**Action item:**
Restate each of the lines below word for word and drop every picture.

**Input data:**
* * * * *

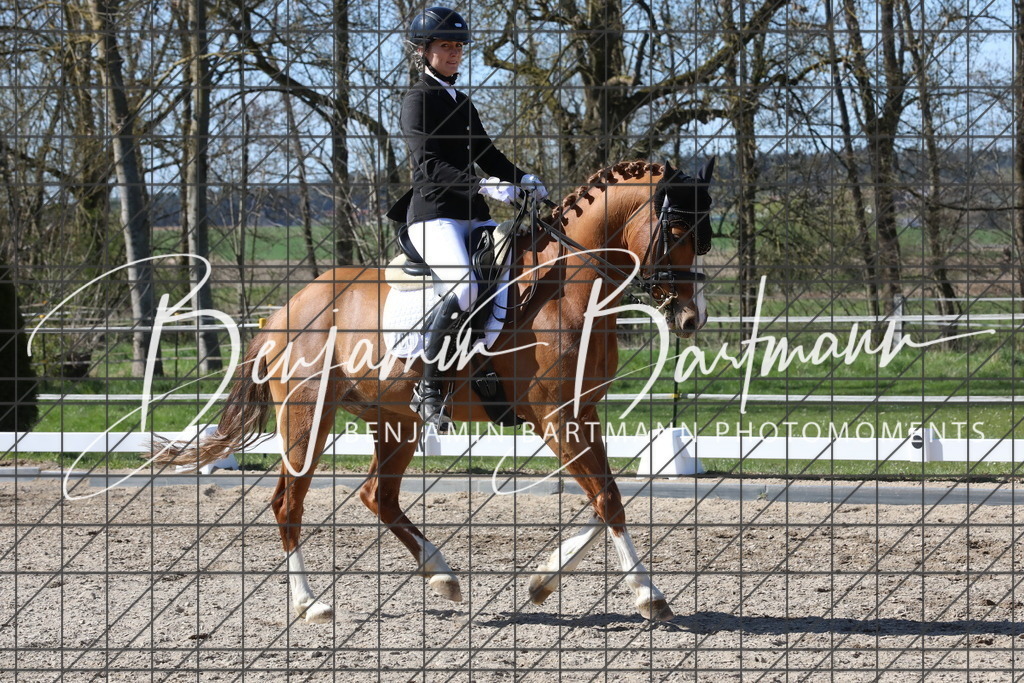 AZ2A4802 | Benjamin Bartmann Photomoments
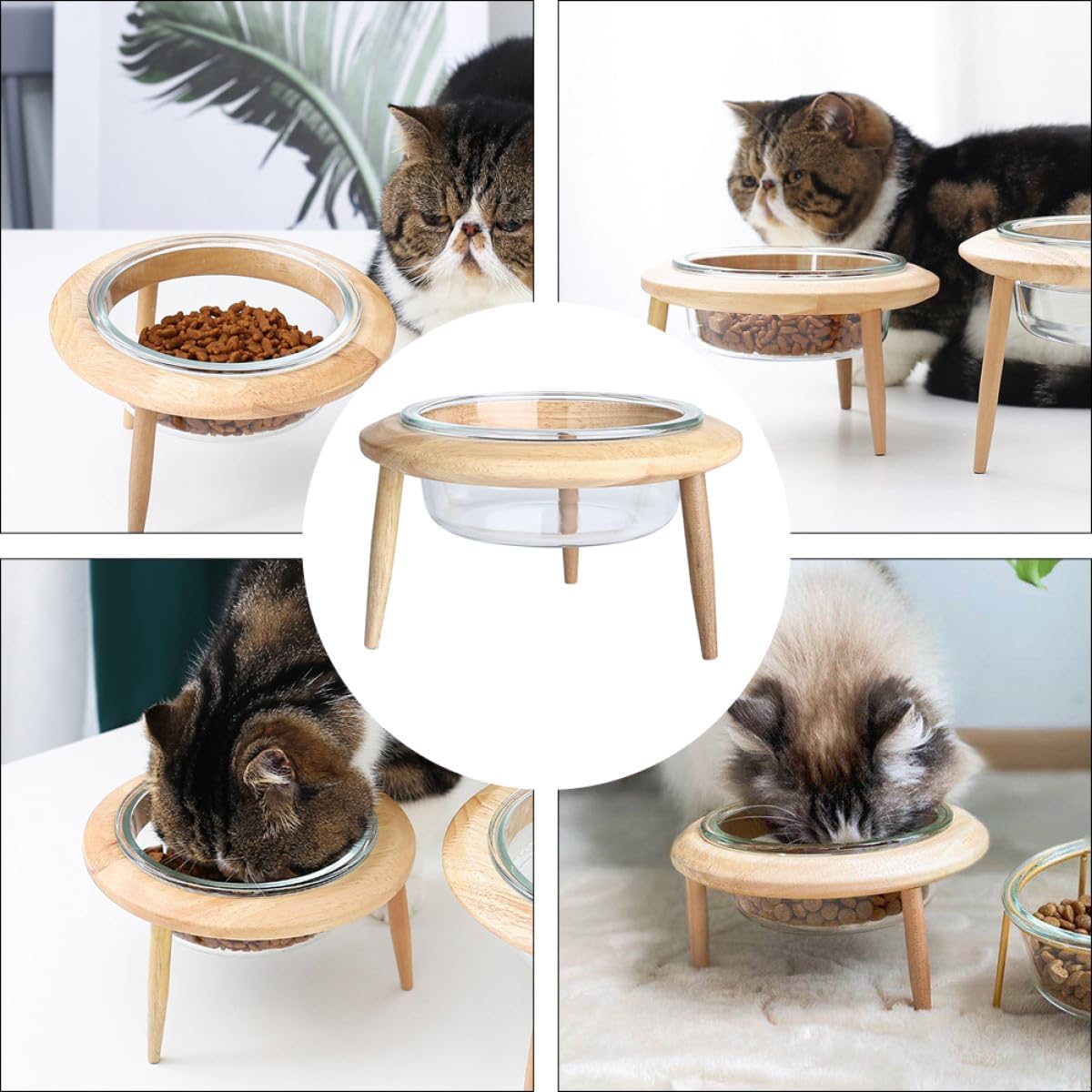 Milisten Glass Raised Pet Bowl with Wooden Stand 17.8cm 800ml Non-Spill Water Feeder and Food Dish for Cats and Dogs Elevated Feeding Supplies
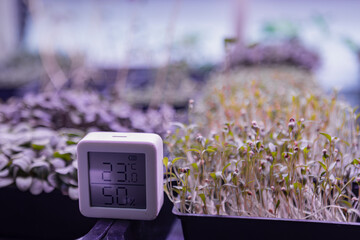 Indoor microgreens garden with temperature and humidity monitor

* * * * *

**Answer for this exercise:**
 AZ2A4802 | Benjamin Bartmann Photomoments
 Milisten Glass Raised Pet Bowl with Wooden Stand 17.8cm 800ml Non-Spill Water Feeder and Food Dish for Cats and Dogs Elevated Feeding Supplies
 Indoor microgreens garden with temperature and humidity monitor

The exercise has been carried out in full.